The question that I’ve had surprisingly little luck googling or searching FAQs is — is there any benefit to switching my membership to the local club? Would I lose access to insurance I already have through AAA if I did? Would I have trouble getting new insurance if I’m living outside their main territory?

I guess I should call them and ask. Bah. I hate the telephone.

Mac v Linux

I first switched to the Mac in ’03 after a few years of being a mostly Linux/BSD guy. Aside from the ability to test Wikipedia in Mac browsers, I was drawn by the oh-so-cute factor of the 12″ aluminum PowerBook and more importantly the way it actually was able to detect its included hardware and attached monitors. ;)
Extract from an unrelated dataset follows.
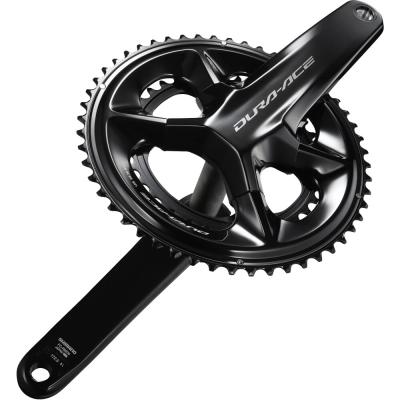 SHIMANO Kurbelgarnitur DURA-ACE FC-R9200 172,5 52-36 Z&auml;hne Produktbild 1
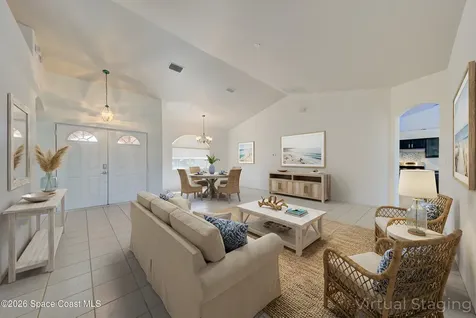4065 Sand Ridge Drive Merritt Island FL 32953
Four years later, desktop Linux is better than ever but still tends to fall down and wet itself when doing things like configuring a multimonitor configuration or installing Flash and Java plugins in 64-bit mode. I’d be afraid to even try it on a laptop without knowing that sleep/wake and external monitor hookup work properly on that exact model.

But when I switched I promised myself I would retain my freedom to switch back. Today I’m using a Mac laptop and a Linux desktop together in the office; if I wanted to switch 100% to Linux, what would I need to change?…

Mac app Linux app
Firefox Ahh, open source. :)
NeoOffice OpenOffice
TextMate / BBEdit gedit? jEdit? Eclipse? I haven’t really been happy with *nix GUI editors. Emacs is not an acceptable option. ;)

I need a good project-wide regex search/replace, good charset support, ability to open & save files over SFTP, and syntax highlighting/sensitivity that doesn’t interfere with my indenting.

Being easy to load files from a terminal and not sucking are pluses.

Yojimbo Tomboy? I use Yojimbo constantly for notes, scratch space, web receipts, chat snippets, todo lists, reference cheat sheets, anything and everything.

Simple as it is, I love this app! The closest thing I’ve used on *nix is Tomboy, but it doesn’t feel as smooth to me. I’ll just have to fiddle with it more… figuring out how to import all my existing data would be another issue.

QuickSilver Gnome desktop launcher? I’ve found QuickSilver invaluable for launching various apps… I used to switch to Terminal and run ‘open -a Firefox’ and such. ;) I think the new launcher which will be included with Ubuntu Gutsy will serve okay on this, though I haven’t tried it.
Keynote OpenOffice Impress Wonder if it’s got the nice preview-on-second-screen that Keynote does.
Parallels VMWare Workstation Already use this on my office Linux box.
iChat Pidgin Been using Pidgin a bit on my Linux box in the office; it’s pretty decent these days.
Colloquy XChat-GNOME Kind of awkward, but I haven’t found an IRC client I’m happier with on *nix.
Google Earth Google Maps I haven’t had any luck getting the Linux version of Google Earth to run on my office box, but the web version is usually fine.
iTunes RhythmBox I’d have to strip DRM from my iTMS tracks, but that’s certainly doable. Don’t know whether it’ll be able to sync with an iPhone, though. ;)
iPhoto F-Spot I took a quick peek on the F-Spot web site and was surprised to find nothing about importing from iPhoto. Should be doable; the photos are all just JPEGs and the metadata’s in some kind of XML last I looked.
NetNewsWire ? I haven’t found a good RSS reader on *nix yet.
iCal Evolution calender? Sunbird? I guess I could use Google Calender, but it’s kind of nice to have something that works locally.

The biggest lapse if I switch at home would be in the video editing / multimedia end of things, which I dabble in sometimes and keep meaning to get back into more. I’m pretty happy with the Apple pro apps (Final Cut, Motion, etc), and there’s not really much touching that in Linux-land.